It is tragic beyond belief that young children suffer needless and preventable deaths in Hong Kong swimming pools manned by 'professional' and presumably 'trained' so-called 'lifeguards'.
One of the 'lifeguards' was reported to have said in court that he had not sat in the lifeguard's tall chair beside the pool - which would have given him a clear view of swimmers - because the seat was damp. He also said that he considered his personal comfort more important than the safety of swimmers. What on earth was a person like this doing working as a lifeguard? But more importantly, how on earth was someone like this ever employed to perform such an important task? There is something drastically wrong with a system that will certify somebody like this, let alone allow him to obtain employment in this field. In Australia 'real lifeguards' are often called upon to risk their very lives, not just their comfort, when they have to battle raging surf and mountainous seas to rescue a swimmer in distress.

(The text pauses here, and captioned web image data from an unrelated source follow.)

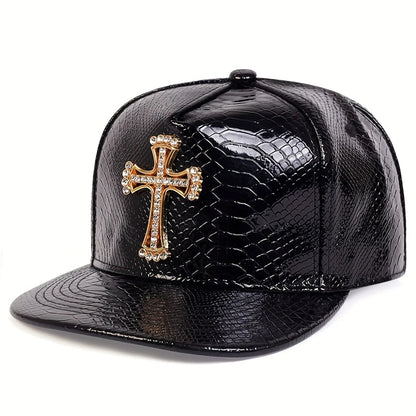 Unisex Cross Label Python Patterned Leather Hip-Hop Hats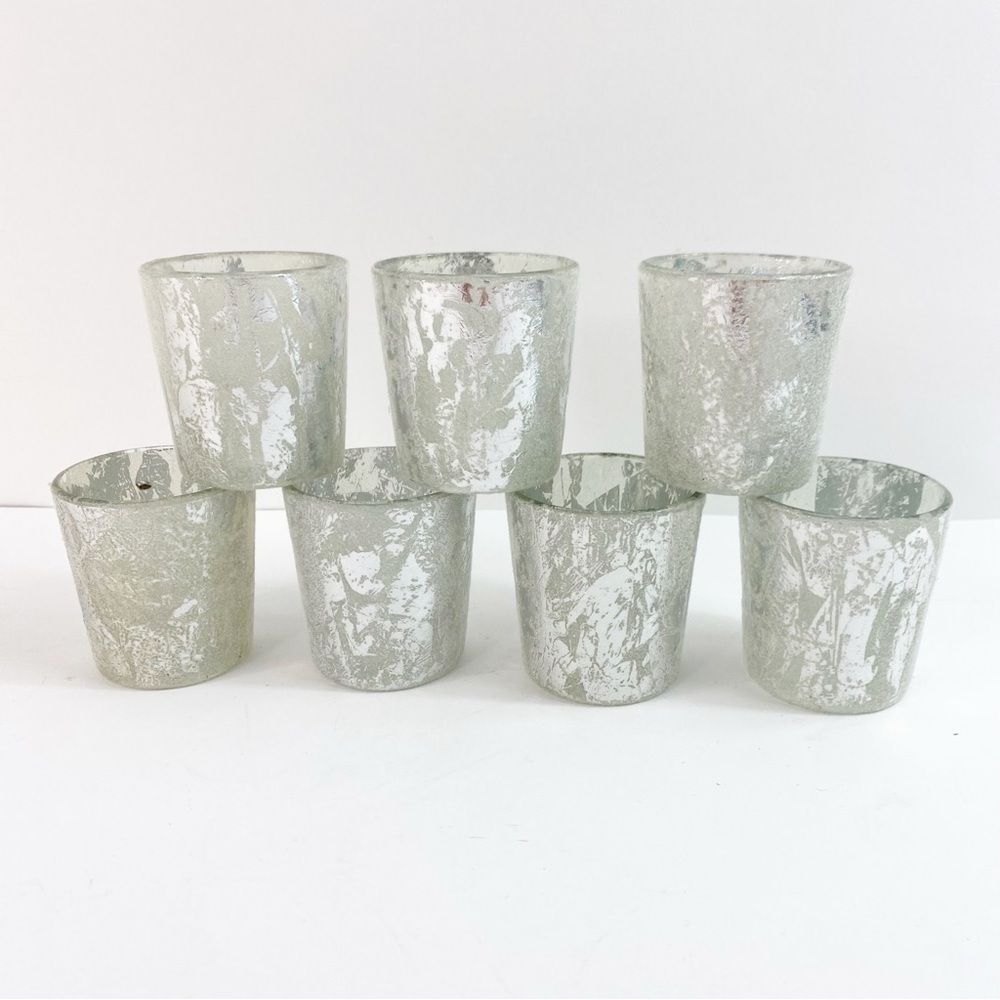 Set of 7 Glass Silver and White Flocked Votive Candles Holders
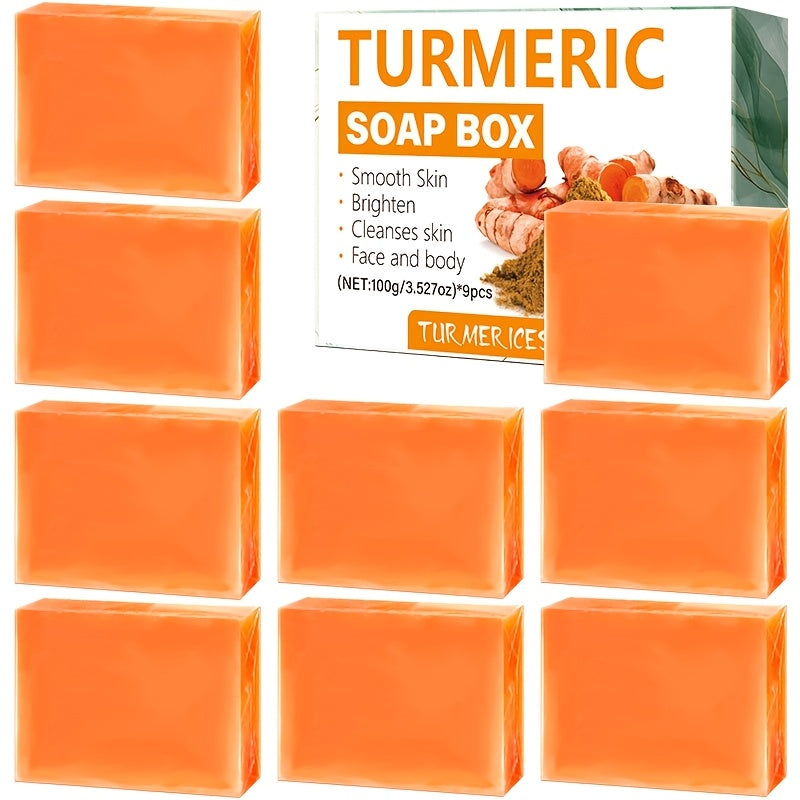 Set of nine Rozino turmeric soap bars by SHOWLU FASHION STORE, moisturizing glycerin body soap in 100g packages.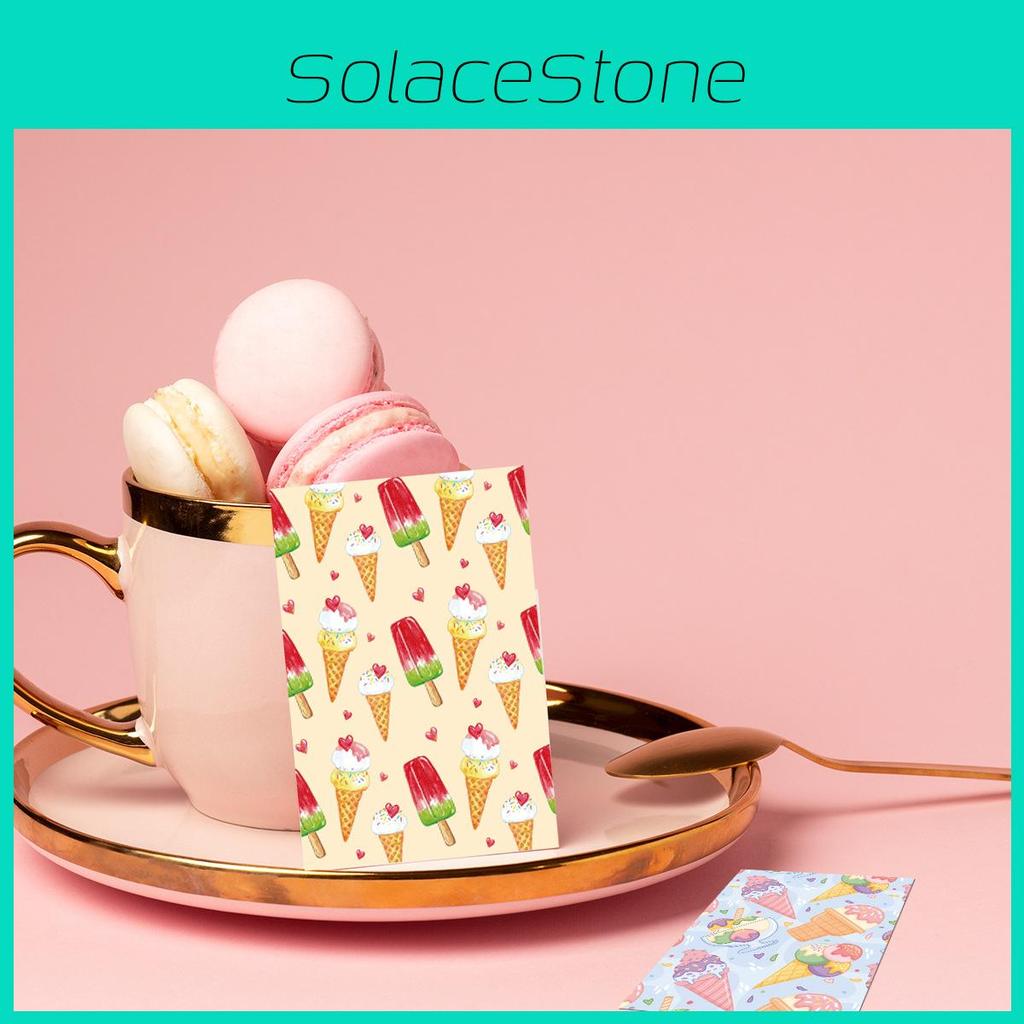 Colorful Summer Themed Ice Cream Pattern Greeting Card Envelope Sticker Set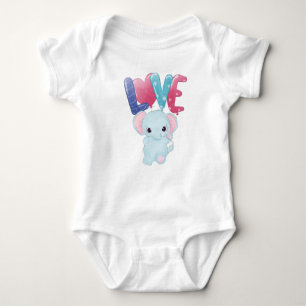 CUTE LITTLE BLUE ELEPHANT WITH LOVE BABY BODYSUIT
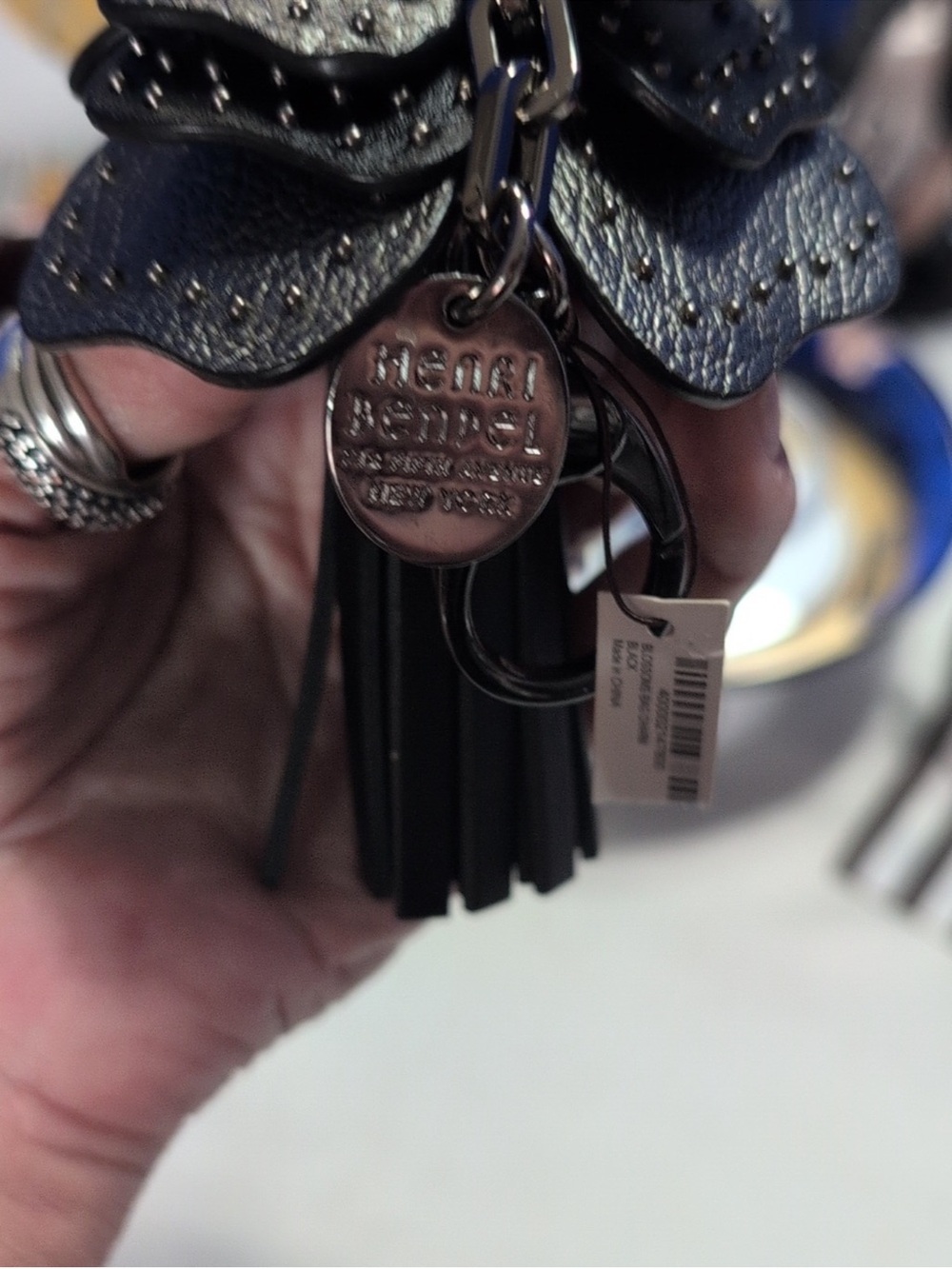 Henri Bendel NWT Rare BLOSSOMS Metallic Leather And Studded Flower Bag Charm 🔥 - Picture 8 of 10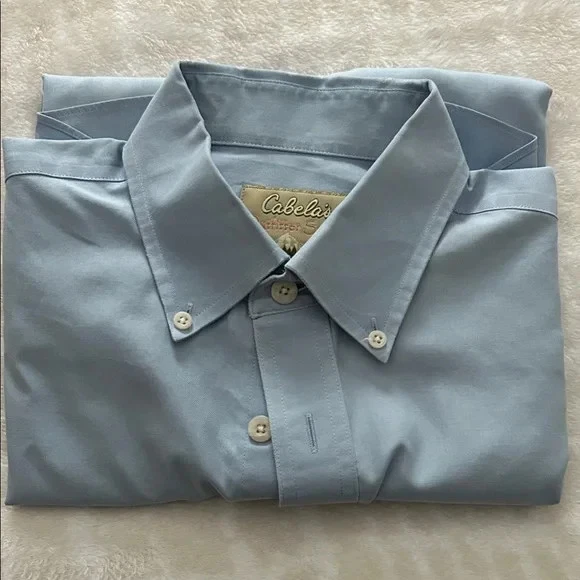 Cabela's Men's Sky Blue Short Sleeve Crisp Cotton Button Down Shirt, Sz M, NWOT - Image 4 of 4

The other lifeguard at Tai Po was on the opposite side of the pool chatting to another swimmer and failed to notice the struggling child. Lifeguarding is a serious business, life is precious, particularly the life of a child. A pool or a beach is not a social club for lifeguards, it is a potential battleground between life and death. In Australia the motto for lifeguards is 'eternal vigilance' and it must be, otherwise having lifeguards is completely useless and a waste of time and money as has been tragically demonstrated in this case and sadly in many others.
The unfortunate child was eventually pulled from the water not by either of the 'lifeguards' but by a member of the public, who noticed him floating face down. All parents have the right to expect that their child can play safely and not die in a pool which is manned by 'lifeguards'. These so-called lifeguards are paid to save lives and one would assume that they are appropriately trained and fit for the purpose for which they are employed, or are they? Several years ago the Taiwanese Government asked the Australian Surf Life Saving Association for help in an attempt to reduce the unacceptably high death tolls from drownings on Taiwanese beaches. A team of Australian experts and top instructors was sent to Taiwan to help train Taiwanese lifeguards.
Consequently within a short space of time a dramatic reduction occurred in these preventable and needless deaths.
I strongly suggest that the Hong Kong Government seriously considers adopting a similar course so as to ensure that not only prospective lifeguards but also current lifeguards, are properly and adequately trained and certified for the very important task for which they are paid and so that they fully appreciate that being a lifeguard is not just 'a job for young men to sit in the sun and enjoy themselves', as the coroner so aptly put it.
Perhaps then other parents would be spared the anguish and heartbreak of future preventable tragedies.